In a statement, the Wildlife Conservation Society praised the Tanzanian government for its work to combat poaching. The group noted that it has been working to shore up conservation efforts in the country.
“These results bring into focus the extent of elephant poaching for the ivory trade, and how this continues to threaten the existence of elephants in Tanzania,” the statement read. “The Tanzanian government has taken some positive steps and are greatly commended for revealing these troubling figures so openly.”
Milliken was less impressed.
“I thought what was missing from the minister’s statement Monday was the absence of a heartfelt call for a full investigation as to how that could have happened with nobody really knowing about it,” he noted.
NGOs that work on wildlife conservation and research need to maintain a good relationship with the Tanzanian government in order to continue functioning; that might be difficult to do if government complicity is clearly identified as part of the problem.
In the late 1980s, Tanzania’s elephant population suffered a similar loss. When the government cracked down on ivory seizures for a period of nearly 15 years, the population made a full recovery.
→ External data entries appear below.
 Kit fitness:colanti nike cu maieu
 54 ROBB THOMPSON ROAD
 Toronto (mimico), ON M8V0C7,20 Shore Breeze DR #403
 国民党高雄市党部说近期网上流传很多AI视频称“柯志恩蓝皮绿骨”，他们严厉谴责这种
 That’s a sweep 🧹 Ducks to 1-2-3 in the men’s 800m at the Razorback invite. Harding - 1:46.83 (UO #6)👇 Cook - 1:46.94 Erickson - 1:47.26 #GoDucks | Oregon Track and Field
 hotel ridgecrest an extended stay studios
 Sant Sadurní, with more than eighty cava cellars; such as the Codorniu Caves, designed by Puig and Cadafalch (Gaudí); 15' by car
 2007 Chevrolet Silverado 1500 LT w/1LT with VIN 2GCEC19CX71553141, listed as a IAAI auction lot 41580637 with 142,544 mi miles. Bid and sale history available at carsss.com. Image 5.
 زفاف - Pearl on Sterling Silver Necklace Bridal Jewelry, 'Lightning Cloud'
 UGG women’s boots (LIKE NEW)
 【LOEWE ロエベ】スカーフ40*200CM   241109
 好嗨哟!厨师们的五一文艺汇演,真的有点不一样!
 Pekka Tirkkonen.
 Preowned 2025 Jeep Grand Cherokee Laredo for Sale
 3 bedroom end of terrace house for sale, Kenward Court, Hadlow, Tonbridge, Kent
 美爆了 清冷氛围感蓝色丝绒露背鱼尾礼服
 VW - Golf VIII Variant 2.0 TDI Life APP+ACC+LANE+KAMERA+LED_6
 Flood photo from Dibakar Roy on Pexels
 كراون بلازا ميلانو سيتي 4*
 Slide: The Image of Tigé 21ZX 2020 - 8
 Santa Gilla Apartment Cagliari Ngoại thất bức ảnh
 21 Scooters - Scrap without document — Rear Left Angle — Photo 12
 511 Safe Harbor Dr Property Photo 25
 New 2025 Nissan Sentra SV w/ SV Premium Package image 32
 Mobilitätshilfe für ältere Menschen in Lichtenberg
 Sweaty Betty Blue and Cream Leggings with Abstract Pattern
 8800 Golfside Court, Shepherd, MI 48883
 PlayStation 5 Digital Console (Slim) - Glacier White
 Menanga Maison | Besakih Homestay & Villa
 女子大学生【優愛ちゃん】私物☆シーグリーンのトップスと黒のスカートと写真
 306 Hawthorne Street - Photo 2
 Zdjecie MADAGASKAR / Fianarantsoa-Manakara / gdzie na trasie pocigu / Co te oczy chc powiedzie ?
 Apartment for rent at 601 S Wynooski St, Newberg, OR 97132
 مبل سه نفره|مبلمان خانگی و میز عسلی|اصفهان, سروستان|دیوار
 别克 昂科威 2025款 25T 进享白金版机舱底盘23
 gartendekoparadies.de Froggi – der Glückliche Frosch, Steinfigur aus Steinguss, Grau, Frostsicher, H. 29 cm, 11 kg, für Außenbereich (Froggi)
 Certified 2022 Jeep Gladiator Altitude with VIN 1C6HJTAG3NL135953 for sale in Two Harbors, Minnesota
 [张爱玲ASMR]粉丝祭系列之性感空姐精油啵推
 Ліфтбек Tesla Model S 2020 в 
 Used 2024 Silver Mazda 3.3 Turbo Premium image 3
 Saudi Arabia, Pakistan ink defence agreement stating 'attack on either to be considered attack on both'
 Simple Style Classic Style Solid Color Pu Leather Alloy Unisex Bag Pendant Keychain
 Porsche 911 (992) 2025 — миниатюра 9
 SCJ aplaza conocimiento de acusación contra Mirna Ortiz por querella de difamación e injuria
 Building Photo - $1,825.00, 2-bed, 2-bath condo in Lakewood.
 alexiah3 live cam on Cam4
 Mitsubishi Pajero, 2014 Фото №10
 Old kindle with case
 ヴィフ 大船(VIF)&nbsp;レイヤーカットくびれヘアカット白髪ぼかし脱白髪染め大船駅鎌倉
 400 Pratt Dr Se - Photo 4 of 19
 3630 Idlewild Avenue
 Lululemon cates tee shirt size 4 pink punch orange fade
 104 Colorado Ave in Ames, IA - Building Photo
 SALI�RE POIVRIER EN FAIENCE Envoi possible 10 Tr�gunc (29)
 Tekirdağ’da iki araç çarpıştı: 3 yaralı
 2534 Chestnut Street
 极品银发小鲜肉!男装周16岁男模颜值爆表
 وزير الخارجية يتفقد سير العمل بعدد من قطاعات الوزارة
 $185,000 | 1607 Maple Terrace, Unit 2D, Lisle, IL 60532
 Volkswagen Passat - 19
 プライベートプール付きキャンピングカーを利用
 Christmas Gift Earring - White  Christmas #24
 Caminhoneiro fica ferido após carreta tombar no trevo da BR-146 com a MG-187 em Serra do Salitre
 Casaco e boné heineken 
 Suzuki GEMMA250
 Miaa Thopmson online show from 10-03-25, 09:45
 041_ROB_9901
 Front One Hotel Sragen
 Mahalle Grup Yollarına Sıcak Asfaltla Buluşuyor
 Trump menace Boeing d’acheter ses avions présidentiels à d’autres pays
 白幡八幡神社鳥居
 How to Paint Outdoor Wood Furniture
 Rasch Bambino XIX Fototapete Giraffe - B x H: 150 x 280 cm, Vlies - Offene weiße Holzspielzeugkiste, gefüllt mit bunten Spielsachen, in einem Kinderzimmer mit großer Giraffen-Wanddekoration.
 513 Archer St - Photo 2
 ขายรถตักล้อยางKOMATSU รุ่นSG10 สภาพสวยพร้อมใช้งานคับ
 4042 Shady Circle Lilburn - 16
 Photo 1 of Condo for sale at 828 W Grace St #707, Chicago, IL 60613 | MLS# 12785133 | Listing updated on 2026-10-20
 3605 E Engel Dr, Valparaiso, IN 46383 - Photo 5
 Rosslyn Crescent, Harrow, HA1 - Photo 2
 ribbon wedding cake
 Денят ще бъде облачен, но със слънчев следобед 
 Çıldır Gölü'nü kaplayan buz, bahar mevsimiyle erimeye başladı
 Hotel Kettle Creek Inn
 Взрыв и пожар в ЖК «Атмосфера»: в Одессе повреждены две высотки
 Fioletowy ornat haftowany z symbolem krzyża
But that “perfect record” of seizures of large-scale ivory has slipped since the early 2000s.
Now, Milliken believes that government accountability might be the only thing that can save Tanzania’s elephants now.
“Yes, they do need more resources, and they do need to be better equipped and things like that — but more fundamentally, there’s just a whole lot more going on that they could do, and it hasn’t been done,” Milliken said. “It hasn’t been done because of systemic issues like complicity and corruption and people who benefit from the ivory trade.”
He added: “If there’s no mechanism to ferret that out and deal with it in real time, then it begins to spread like a cancer.”